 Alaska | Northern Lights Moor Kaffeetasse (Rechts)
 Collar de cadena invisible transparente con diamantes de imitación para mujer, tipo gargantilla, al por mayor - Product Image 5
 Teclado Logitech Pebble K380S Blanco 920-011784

* * *

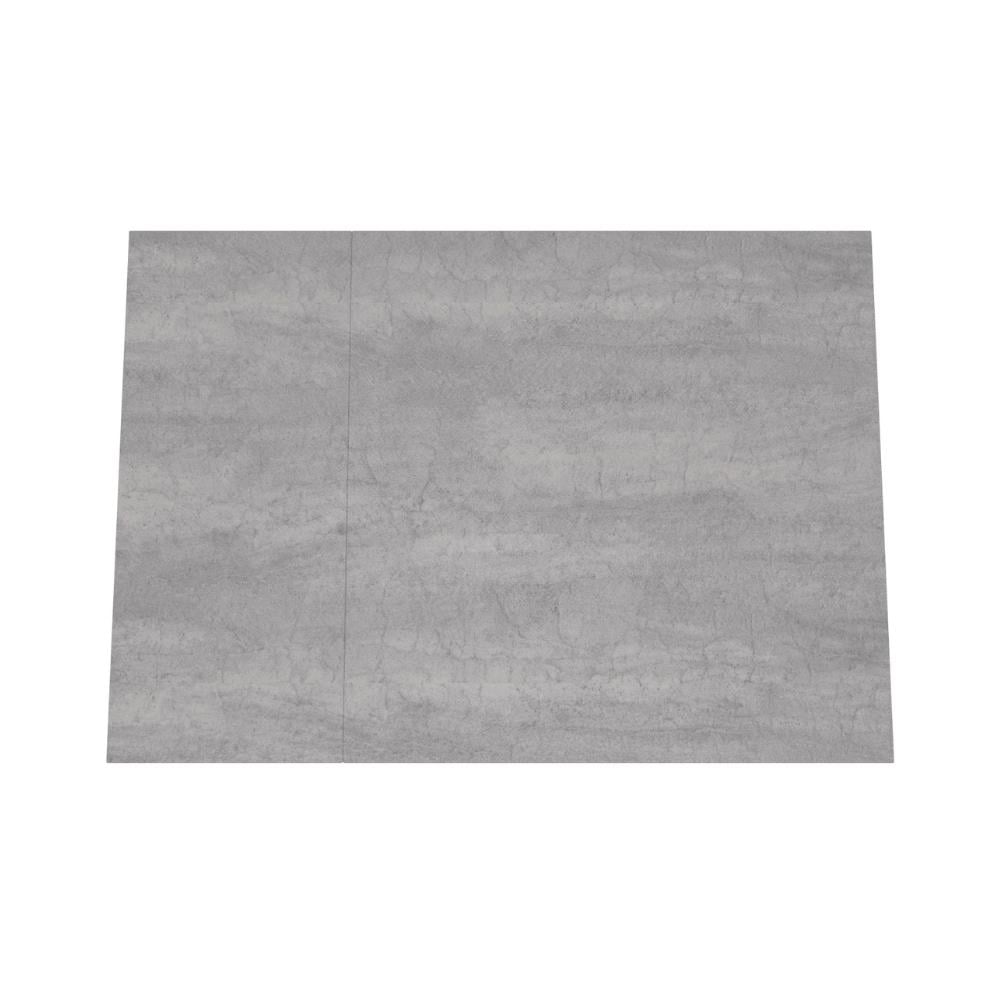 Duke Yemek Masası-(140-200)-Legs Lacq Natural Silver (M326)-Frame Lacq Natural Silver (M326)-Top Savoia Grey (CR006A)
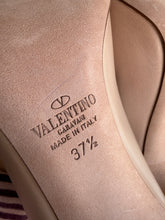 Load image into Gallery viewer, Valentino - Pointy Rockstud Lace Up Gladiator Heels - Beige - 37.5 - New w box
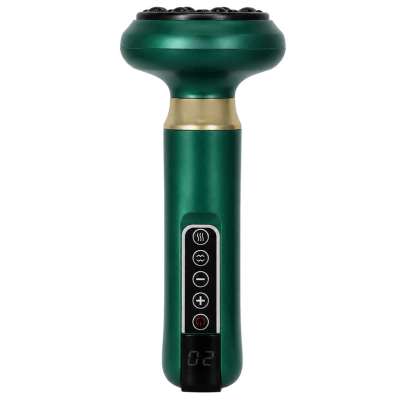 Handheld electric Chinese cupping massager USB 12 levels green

EXERCISE BRIEF.
Copy out, word for word, the part of the entries above that begins at the line with "Alaska | Northern" and ends at the line with "Teclado Logitech Pebble", including both.

RESPONSE TO THE EXERCISE.
 Alaska | Northern Lights Moor Kaffeetasse (Rechts)
 Collar de cadena invisible transparente con diamantes de imitación para mujer, tipo gargantilla, al por mayor - Product Image 5
 Teclado Logitech Pebble K380S Blanco 920-011784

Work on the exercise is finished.